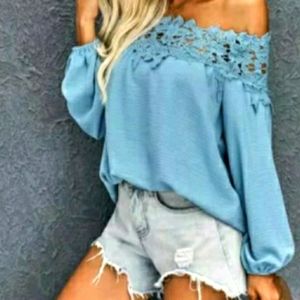 NWT Off Shoulder Top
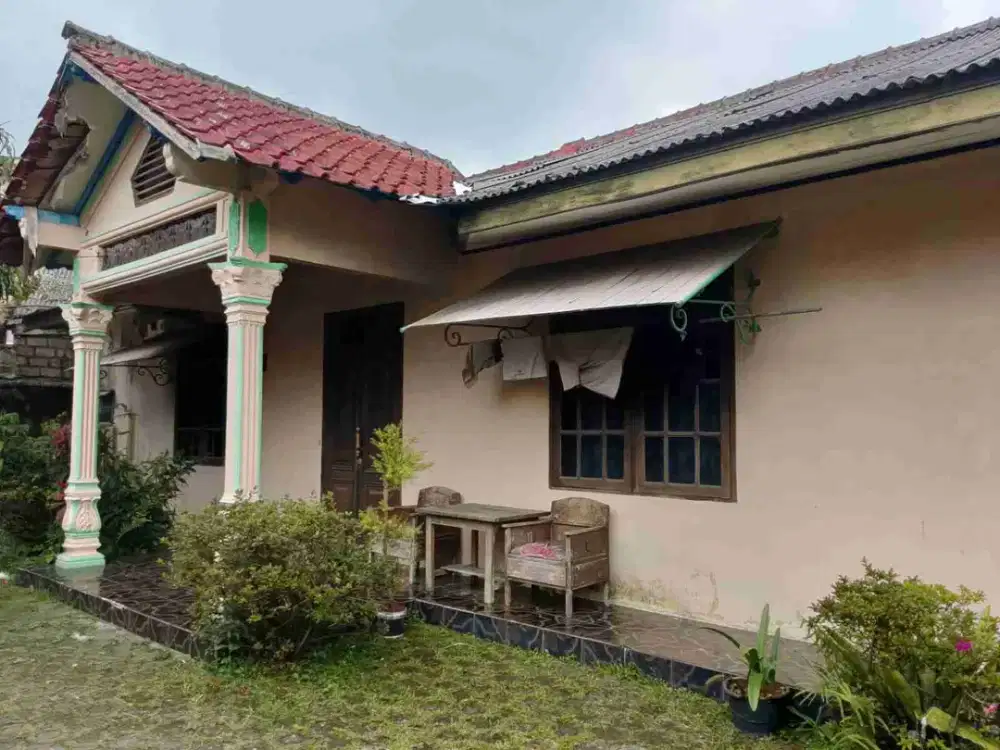 Rumah Murah akses Mobil dkt Jl Raya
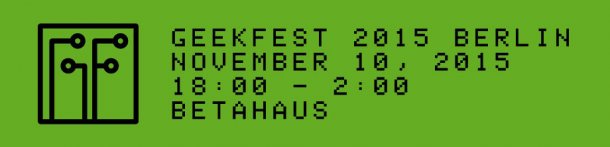 Geekfest Berlin: Hackergeschichte(n) live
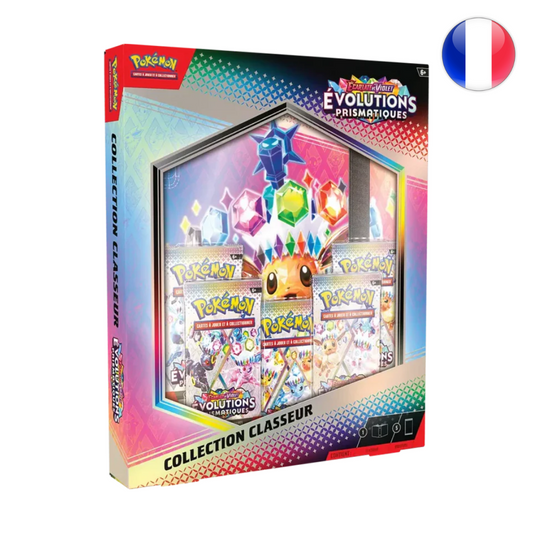 [Preco] Coffret Collection Classeur - Écarlate et Violet - Évolutions Prismatiques EV08.5 FR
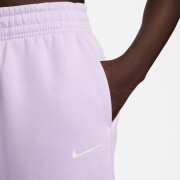 Oversize-Trainingshose mit hoher Taille, Frau Nike Phoenix Fleece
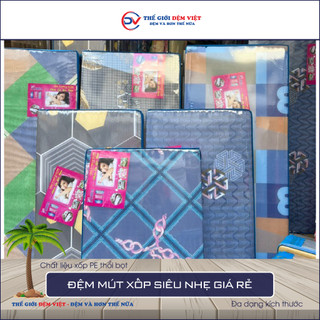 ĐỆM PE GẤP 3 SIÊU NHẸ - SHIP HOẢ TỐC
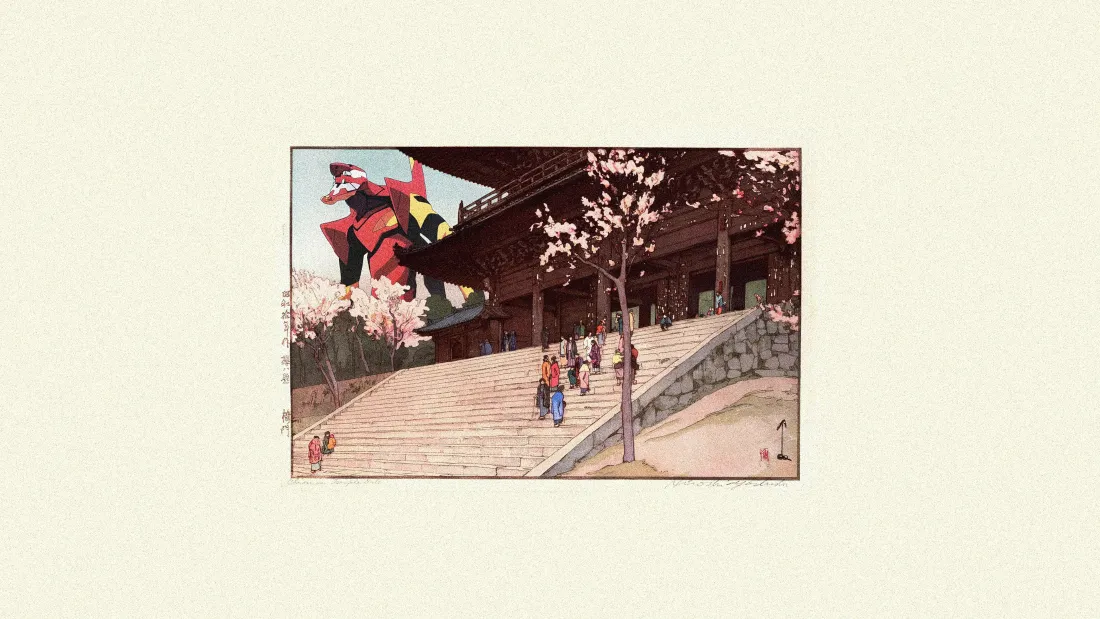 4kEVA动漫背景图片 - 古风场景画面「哲风壁纸」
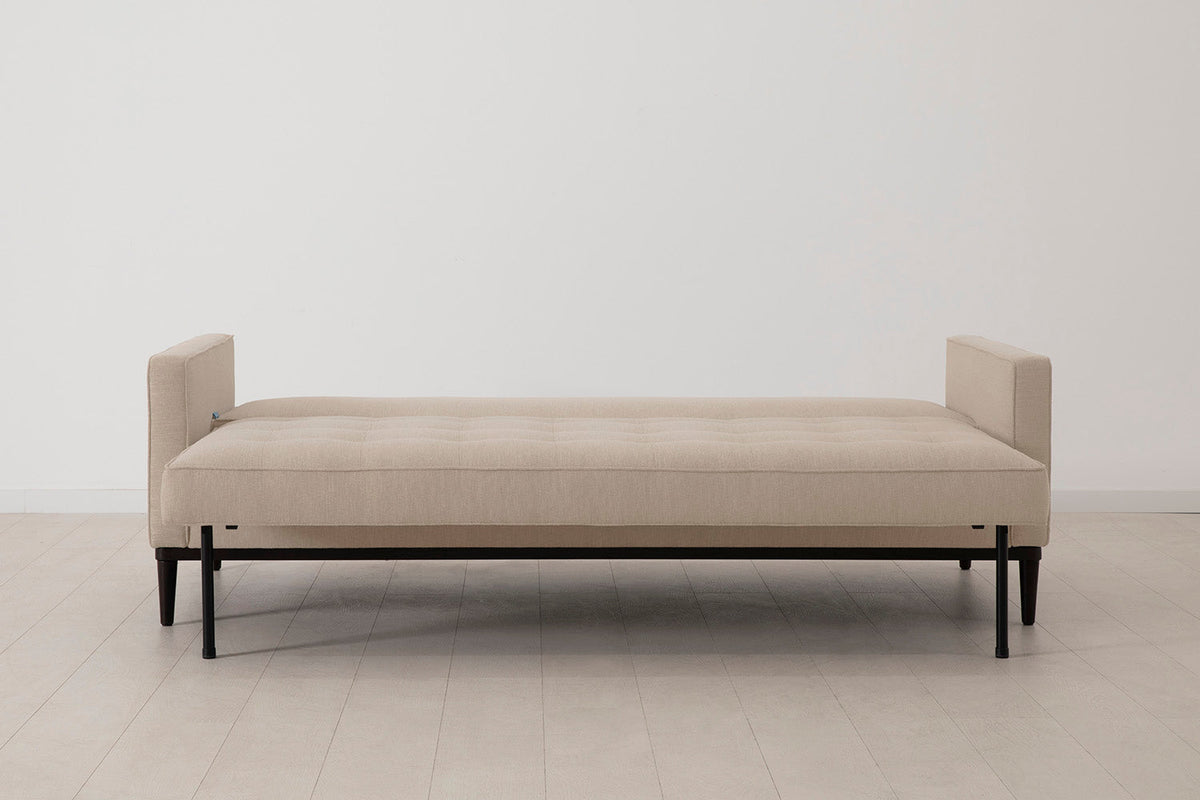 Model 02 Sofa Bed 3 Seater, Oatmeal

→ **Problem requirements**
Could you print all of the entries exactly, skipping the images?

→ **Result of this task**
 NWT Off Shoulder Top
 Rumah Murah akses Mobil dkt Jl Raya
 Geekfest Berlin: Hackergeschichte(n) live
 [Preco] Coffret Collection Classeur - Écarlate et Violet - Évolutions Prismatiques EV08.5 FR
 Oversize-Trainingshose mit hoher Taille, Frau Nike Phoenix Fleece
 ĐỆM PE GẤP 3 SIÊU NHẸ - SHIP HOẢ TỐC
 4kEVA动漫背景图片 - 古风场景画面「哲风壁纸」
 Model 02 Sofa Bed 3 Seater, Oatmeal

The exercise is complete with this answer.